Electric motors! How?
Industry noticed that, with time, electric motors
began to be deployed differently. At first, factory
owners simply ripped out their old steam-driven
motors, and jammed the electric motors in their place.
Accordingly, the overall organization of factories
remained unchanged. Factories retained their
old-fashioned vertical structure. Hardly anybody
considered that the only reason the factories had been
vertically oriented in the first place was because it
was convenient to arrange the steam fittings that way.

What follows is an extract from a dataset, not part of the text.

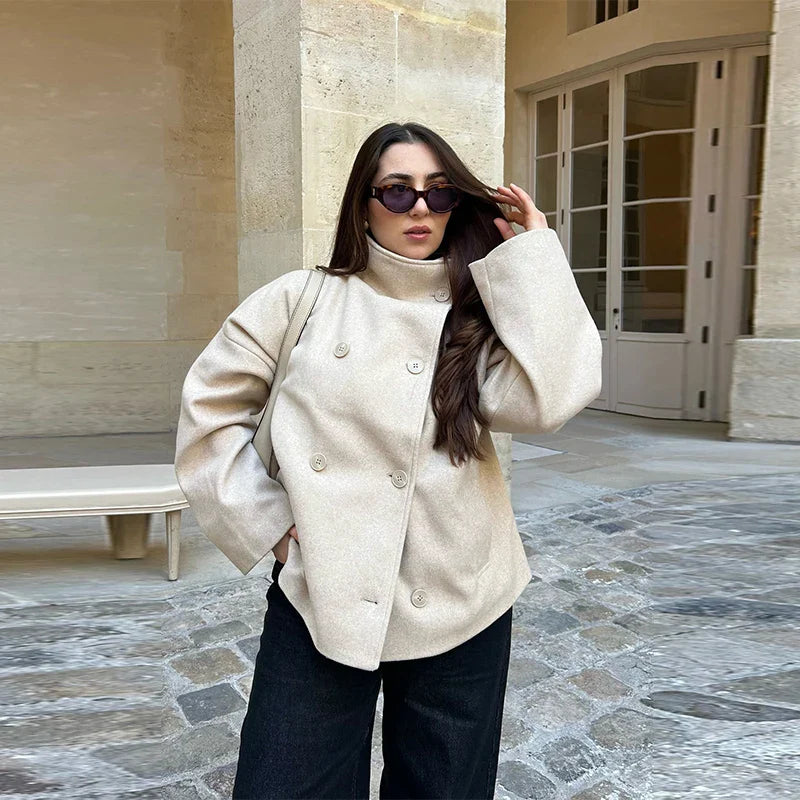 Elegant women's stand collar pea coat, versatile classic outerwear for any occasion.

Or, if anybody had considered this fact, they were in
no particular rush to arrange factories in any other
way. That would have involved possibly costly
experimentation.
Eventually, innovative factory organizations
emerged, until factories appeared with a horizontal
organization, long and low to the ground. It so
happened that in a horizontally oriented factory
environment, the electric motor had its chance to
shine. The electric motor's latent potential became
actualized, and all those advantages that were once
limited to specification sheets finally began to
impact the bottom line.
The trick was to stop imagining that the electric
motor was some kind of magical artifact that would
improve productivity all by itself. Instead, it needed
to be seen as a sort of catalyst that would hasten the
creation of a whole new production environment. The
new industrial environment -- the horizontal
environment -- was what accounted for improved
productivity.
A WORD FOR TODAY
And the lesson for telecommunications? Well, I suggest
that we stop obsessing over technological artifacts,
and instead ask ourselves how these artifacts might
hint at an entirely new productive infrastructure.
This infrastructure isn't merely about equipment and
software. It's about processes and people.

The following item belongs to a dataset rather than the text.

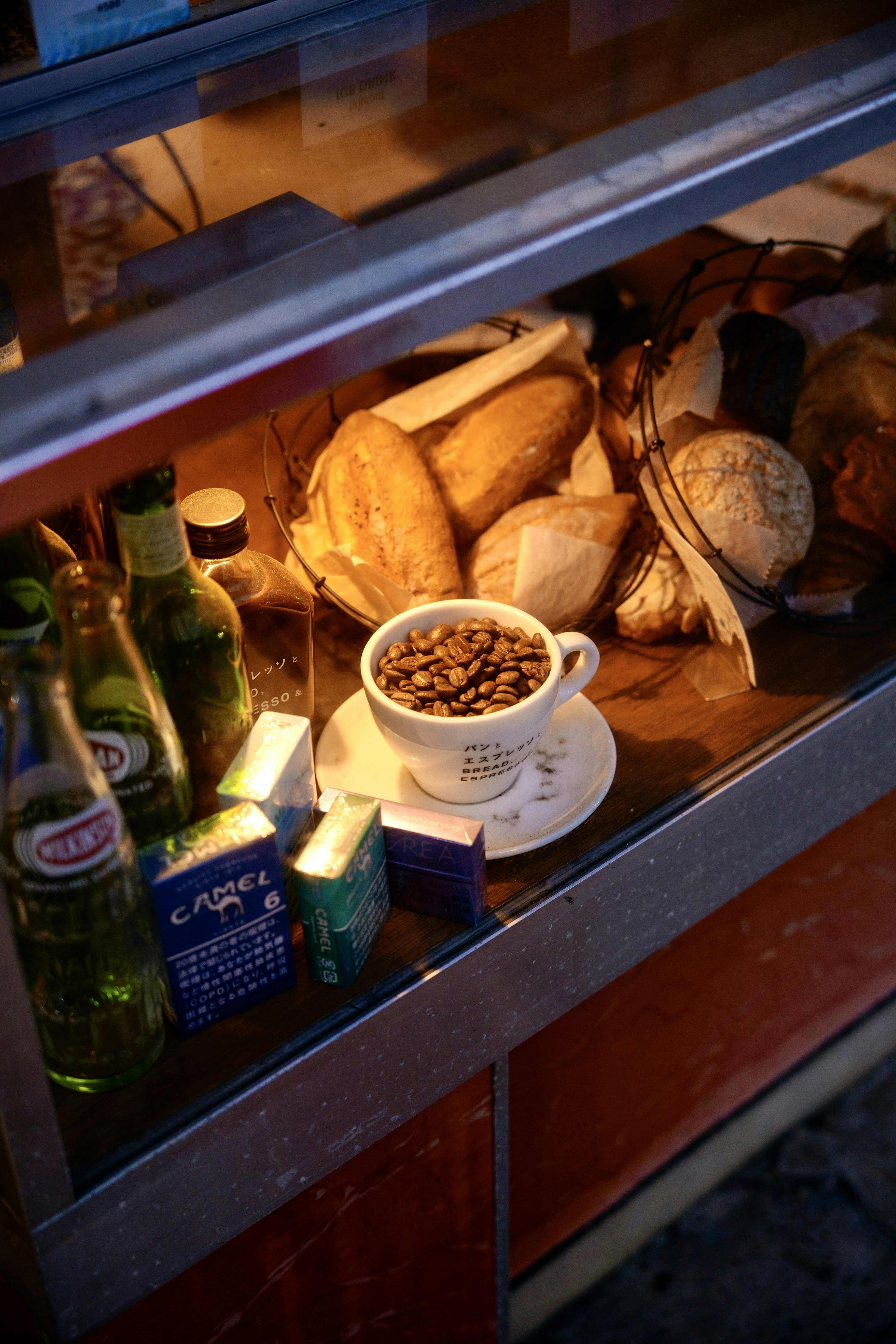 Coffee beans in a cup surrounded by various breads and beverages in a cafe display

Take, for example, the IP-PBX. Should we really
expect anything special from an IP-PBX if we imagine
that it's simply a PBX replacement? Granted, an IP-PBX
might allow you to simplify -- the "one wire to the
desktop" idea. And an IP-PBX might simplify adds,
moves, and changes. But is that really compelling?
More compelling, perhaps, is the potential for the
IP-PBX to infect businesses everywhere with its most
telling quality, that is, its inherently distributed
nature. The old, circuit-switched PBX was inherently
centralized, which was entirely in line with
prevailing notions of how corporations should be
organized. But now, with packet-based communications
systems, why should anybody feel constrained by old
corporate models? If communications systems may be
distributed, why not the organizations which use them?
I speak, of course, about remote workers,
telecommuters, and distributed workforces.
Increasingly, the barriers to a distributed workforce
are cultural as opposed to technological.
Already, it is possible for remote workers to rely
on corporate communications systems such that they
appear to be within a centralized and self-contained
corporation. Such systems provide enormous potential
for experimentation, potential which has hardly been
touched. But, perhaps once we've grown more
comfortable with the idea of doing things differently,
as opposed to buying shiny, new artifacts, we'll
actually witness real, quantifiable productivity
gains. For, after all, productivity is not merely a
game of intensification -- doing what you've always
done, only more of it. Productivity is also about
doing things differently, or doing things you wouldn't
have imagined doing before.
So, let's think about whole new ways of doing
business and getting work done. Telecommuting and
so-called virtual corporations are just the start.
Ultimately, who is to say that workers, in addition to
being free of geographic constraints, might not also
be free of the usual one worker/one job constraint?
Who is to say people might not work on a
project-by-project basis, participating in multiple
projects, with a variety of corporate entities, at any
given time? Again, this is more of a cultural than a
technological question. And not all technological
possibilities may be worth exploring. But I believe it
would be worthwhile to at least entertain some fluid,
inherently distributed thinking, as opposed to
familiar, static notions of how to be productive.